New challenges arise for cabling complexity, serviceability, and rack power
As new compute-intensive machine learning (ML) and artificial intelligence (AI) workloads drive servers to adopt faster PCI-Express® 5.0 Links, lower-latency cache-coherent protocols like Compute Express Link™ (CXL™), and a dizzying array of memory, storage, AI processor (AIP), smart NIC, FPGA, and GPU elements, so too is heterogeneous computing pushing the need for blazing-fast networks to interconnect the resources. Distributed compute/memory/storage nodes have spawned requirements for a high-bandwidth, low-latency, and-perhaps most importantly-scalable and serviceable network topology, one which can support the explosion of “east-west” traffic brought about by resource disaggregation.
100 GbE, based on 25 Gbps/lane technology, is the workhorse of today’s hyperscale datacenter Ethernet networks: connecting servers and storage to leaf switches, and leaf switches to spine switches. In a Clos network topology—common in hyperscale datacenters—scale is achieved by adding more servers under a new leaf switch and connecting this leaf switch to all next-level spine switches (Figure 1). Likewise, bandwidth may be scaled by adding additional spine switches (Figure 2).
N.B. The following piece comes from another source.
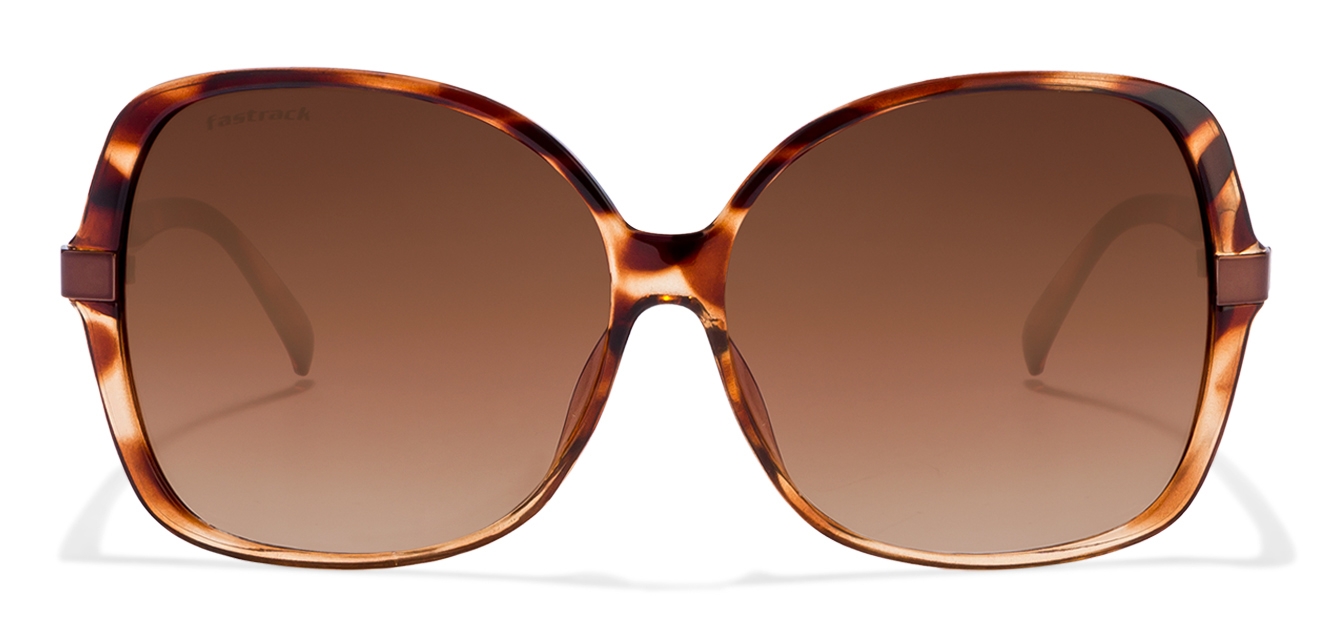 fastrack sunglasses for females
An obvious bottleneck for both the latency of the network (how many “hops” from server to server) as well as the bandwidth of the network segments (port speed) is the leaf and spine switch-often the same physical piece of equipment. Switch silicon providers have been working hard on both fronts: increasing I/O speeds to 50 Gbps/lane today and moving to 100 Gbps/lane in 2021; and increasing the number of ports (the “radix”) to 64 eight-lane ports (e.g., QSFP-DD or OSFP form factors). All told, this amounts to 25.6 Tbps of switching bandwidth, which is helping to enable faster and flatter network topologies based on 400-GbE and 800-GbE ports.
To further enable the full usage of 400-GbE and 800-GbE ports while lowering the overall TCO, we have developed the Taurus Smart Cable Module™ (Taurus SCM™).
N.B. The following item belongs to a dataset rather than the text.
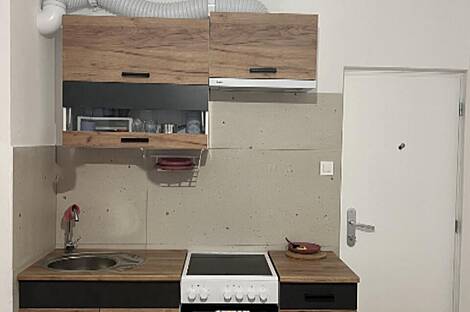 Жилье 3.5 комнаты в Водмат: 12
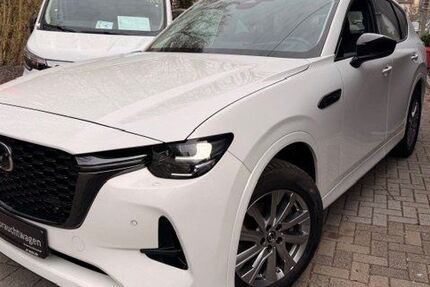 Mazda CX-60 26.400 km 43.980 &euro; Diez 65582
With an increase in port speed and port count comes new challenges for these lowest layers in the data center network. The first key challenge is how do you effectively distribute switch port bandwidth to servers? Server network interface cards (NICs) lag switch ports in terms of bandwidth. While 400-GbE switch ports came to market in 2020, server NIC ports are generally at 200-GbE or less. More fundamentally, there is a disparity between per-lane speed of server NIC ports and switch ports. While switch ports now run at 50 Gbps/lane, NIC ports are (for the most part) still at 25 Gbps/lane. When 100 Gbps/lane switch ports arrive in 2021, NIC ports will just be making the transition to 50 Gbps/lane. There is a price to pay for connecting a switch directly to a NIC: switch port bandwidth is underutilized, by a factor of two! Resolving this disparity requires rate conversion on the NIC side up to the higher 100 Gbps/lane speed to fully-utilize the switch port bandwidth.
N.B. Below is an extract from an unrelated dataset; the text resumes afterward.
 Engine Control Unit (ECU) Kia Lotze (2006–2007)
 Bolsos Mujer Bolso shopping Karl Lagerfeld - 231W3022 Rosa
The most abundant (and cost-sensitive) interconnect in the data center is the top-of-rack (ToR) switch to server interconnect. Painstaking efforts are made to keep this interface low-cost and easy-to-maintain. As such, passive direct attached copper (DAC) cables are traditionally used for these 1-3 meter links. As ToR switch ports move to 100 Gbps/lane, such reach becomes questionable and cable thickness, bend radius, and weight become a concern.
The second key challenge is how do you connect 400/800-GbE switch ports to one another in a practical manner? A simple Clos network topology connects every leaf switch to every spine switch; and in turn, every spine switch is connected to some number “exit leaf” switches (at least two), as shown in Figure 4.
The leaf and spine switches are generally not co-located (i.e., >10 meters apart). For example, the leaf switches may be at the top (or middle) or each server rack, whereas the spine switches may be at the end of a row or a cluster of rows. The spine switches, on the other hand, are often co-located (i.e., <3 meters apart), as shown in Figure 4.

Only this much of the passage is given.